For example, imagine that you are playing a coin-toss game. The setup is simple: the coin gives you an equal chance of winning $200 or losing $100. Now suppose you have just played the game, but you do not know the outcome yet. That means you have either won $200 or lost $100. Would you want to play the game again?

Normatively, following a consequentialist reasoning principle, when deciding whether to play again, people should incorporate both possible cases into their consideration:

(a) Would I want to play again if I had just won $200?

b) Would I want to play again if I had just lost $100?
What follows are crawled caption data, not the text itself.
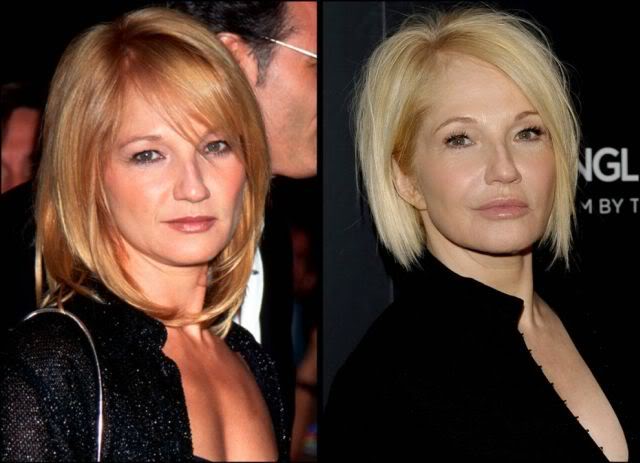 Celebridades ontem e hoje aging stars 11 | Curiosidades | bizarro, celebridades, curioso, feio, idade, velho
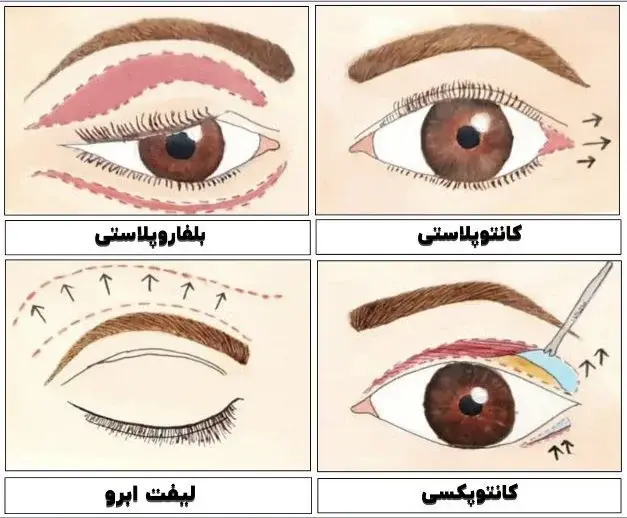 جراحی زیبایی چشم توسط دکتر رضا امیرزرگر فوق تخصص جراحی زیبایی صورت فک دهان دندان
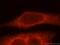 Adaptor Related Protein Complex 2 Subunit Beta 1 antibody, 15690-1-AP, Proteintech Group, Immunofluorescence image 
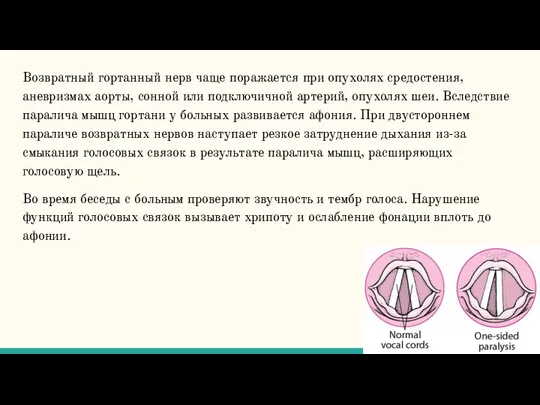 Возвратный гортанный нерв чаще поражается при опухолях средостения, аневризмах аорты, сонной или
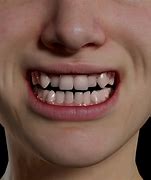 Image result for Invisible Line for Teeth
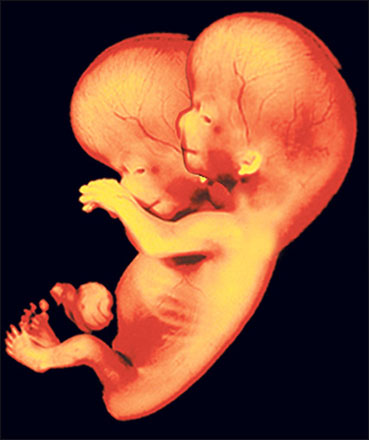 Британка, беременная двухголовым ребенком, отказалась от аборта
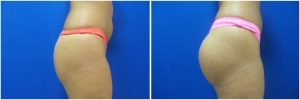 buttock-implants-before-after-20-1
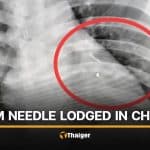 Buriram man finds 7-centimetre needle near heart after chest injury | Thaiger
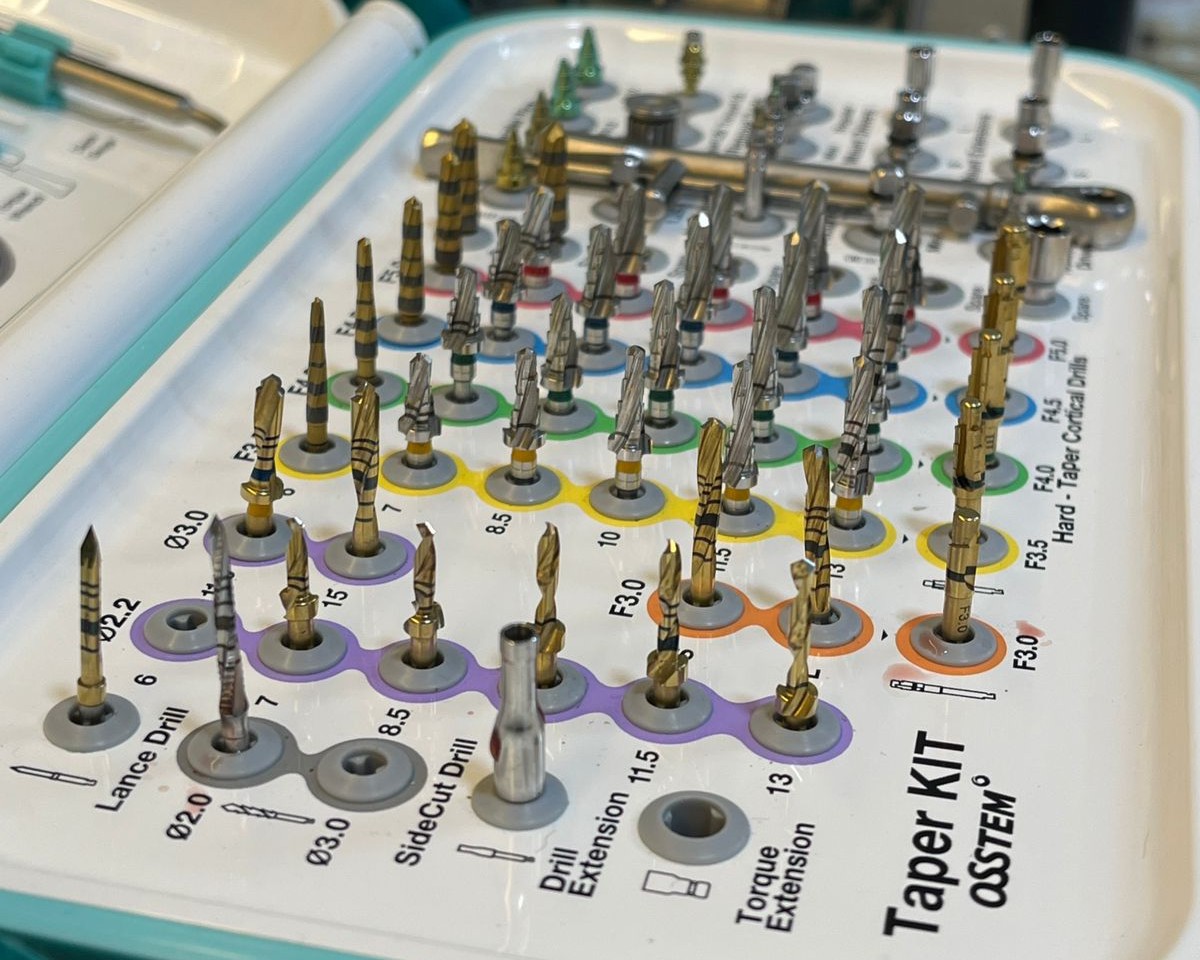 Dental implant treatment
However, Tversky and Shafir (1992) found that people express strong interest in playing again when they know they won $200, and they also express strong interest in playing again when they know they lost $100. Yet when they do not know whether they won or lost, their interest in playing again becomes less. In other words, people are willing to play the second game when they know they won the first game, and they are also willing to play when they know they lost. However, when they do not know whether they won or lost the first game, they become unwilling to play the second game.

== Different relevant terminologies across disciplines ==

=== Psychology and behavioral science ===
Non-consequential reasoning in psychology and behavioral science is sometimes referred to as the disjunction effect. Below is the definition of the disjunction effect as described by Tversky and Shafir in their paper Thinking Through Uncertainty: Nonconsequential Reasoning and Choice (1992):“A disjunction effect occurs when people prefer x over y when they know that event A obtains, and they also prefer x over y when they know that event A does not obtain, but they prefer y over x when it is unknown whether or not A obtains.”Research has demonstrated that people’s choices are often made without thinking through disjunctions, thereby violating Savage’s sure-thing principle.

In addition to the coin-toss example mentioned earlier, Tversky and Shafir (1992) found that, in one of their studies, many students chose to travel to Hawaii both when they had passed their exam and when they had failed it. According to Savage’s sure-thing principle, they should also choose to travel to Hawaii when the outcome of the exam is unknown. However, the researchers found that when people did not yet know their exam results, they chose not to travel to Hawaii. Tversky and Shafir suggested that uncertainty about which outcome would occur may influence people’s preferences. The presence of uncertainty makes it difficult for people to focus on each individual branch of the decision (e.g., the branch in which they fail the exam vs. the branch in which they pass). As a result, people become less likely to form a clear preference that is properly contingent on each possible outcome.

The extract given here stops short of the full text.